Image via Wikimedia Commons

This time of year fills me with a unique excitement. Every year, from Leeds to London, Manchester to Birmingham, Caribbean carnivals take to streets and parks. The sound of music systems blasting reggae and dancehall music, and streets littered with caribbean food stalls, fills me with a palpable sense of pride. As carnivals take place this summer, it is all the more vital that we recognise their importance in light of the Windrush scandal and structural racial issues in the UK.

To understand why carnivals are so important to our community, we need to look at the cultural history of Caribbean people in the UK. When many Caribbean people arrived to the UK in the 1950s and 1960s, they arrived to what they saw as the motherland. The British Nationality Act of 1948 established these bold Caribbean arrivals as British citizens. Naturally, they were devastated when they were met with horrific levels of contempt and intolerance. The first carnival in Notting Hill was in 1959. A year prior, in 1958, the community in Notting Hill was marred by race riots. On 20 August 1958, 400 white men marched through the streets of Notting Hill, attacking houses and black women and fighting with locals. They shouted chants such as “we’ll murder the bastards” as they “nigger hunted” their way through London. In the 1980s, more race riots took place in London, as well as in 2001 in the Birmingham and Northern England.

These racial tensions were, and still are, a response to racism and a result of feelings of powerlessness in the black community, as well as inequalities of opportunity, wealth and education. For example, in contemporary Britain, black Caribbean and white/black Caribbean children are excluded from school at a much higher rate than their white peers. In addition, black people in Britain are eight times more likely to be stopped and searched by police by a system that is supposed to protect them. These issues, to name a few, demonstrate how the treacherous and difficult past is inextricably linked to the experience of contemporary British society for British citizens of Caribbean descent.

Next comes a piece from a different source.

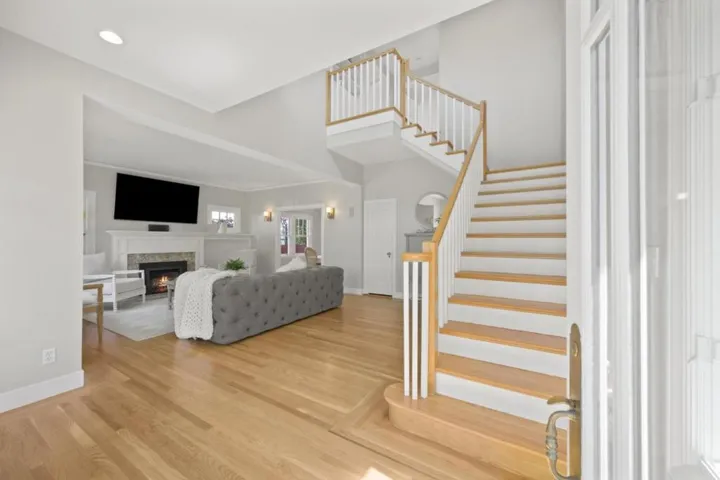 1249 Oak Street, San Mateo, California 94402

More than ever, the carnivals happening across the country this year celebrate not just the vibrant cultures of the Caribbean but the resilience of the Windrush generation and their descendants.

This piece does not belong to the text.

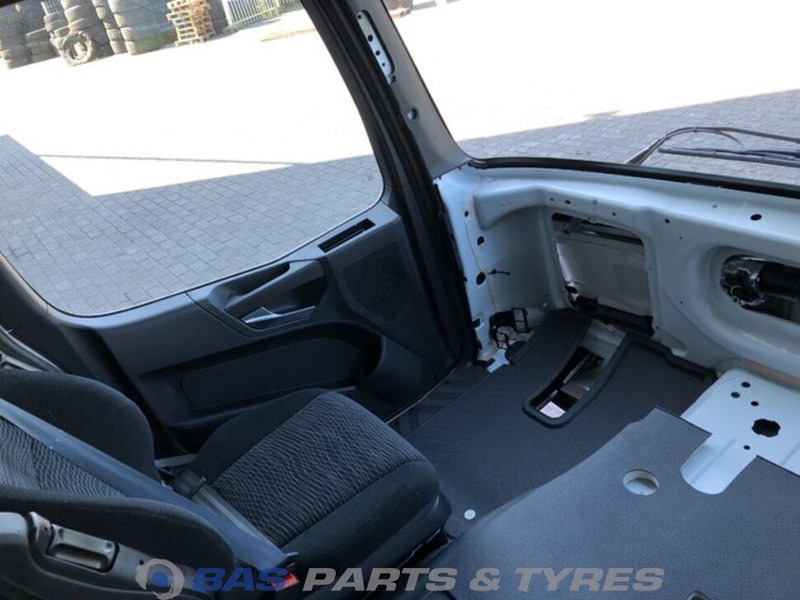 Mercedes-Benz Actros MP5 Mercedes ClassicSpace M-cab L1EH1 A 000 600 01 01 - Ohjaamo ja sisustus - Kuorma-auto: kuva Mercedes-Benz Actros MP5 Mercedes ClassicSpace M-cab L1EH1 A 000 600 01 01 - Ohjaamo ja sisustus - Kuorma-auto Mercedes-Benz Actros MP5 Mercedes ClassicSpace M-cab L1EH1 A 000 600 01 01 - Ohjaamo ja sisustus - Kuorma-auto: kuva Mercedes-Benz Actros MP5 Mercedes ClassicSpace M-cab L1EH1 A 000 600 01 01 - Ohjaamo ja sisustus - Kuorma-auto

Tensions between black communities and their white neighbours were, and often remain, tense in many areas. Each year carnival and its welcoming, exciting, and friendly nature, acts as a contradiction to the propaganda, racism, and intolerance that British society forces on the Caribbean diaspora.

More than ever, the carnivals happening across the country this year celebrate not just the vibrant cultures of the Caribbean but the resilience of the Windrush generation and their descendants. I am a proud descendent of the Windrush generation. When my grandfather arrived to the UK in the 1950s, he set up the Birmingham Racial Attacks Monitoring Unit (BRAMU) and was the first co-ordinator of Birmingham’s African Caribbean Millennium Centre (ACMC). My father often tells me of the strides my grandfather made towards racial equality. I have been politically aware about the issues surrounding my community for as long as I can remember.

Despite the efforts by politicians and police to demonise it, Notting Hill carnival boosts the British economy and is the biggest carnival in Europe even challenging the carnival in Rio de Janerio in terms of attendance. As Adela Suliman discusses, “statistically, the event is about as safe as Glastonbury”. Carnivals, like Notting Hill, celebrate the ways that Caribbean people have shaped and contributed to Britain even in the face of active demonisation and forced deportation. Whilst Notting Hill Carnival is by far the most well known, the carnivals that happen elsewhere are no less significant. Indeed, the Leeds Caribbean carnival is one of the longest running West Indian carnivals in Europe.

We are here, we are citizens, and we are proud

Each year, carnival redefines the perception of our community, and fights against the oppression Caribbean people experienced, and continue to experience, since HMS Windrush arrived to British shores. This year, as we witness the deaths of young black people in police custody, rising racism, and efforts by the state to expel people who have lived here their whole lives, Carnival has never been so necessary. This year I will stand with my fellow Caribbean people and descendants celebrating and demonstrating that: we are here, we are citizens, and we are proud.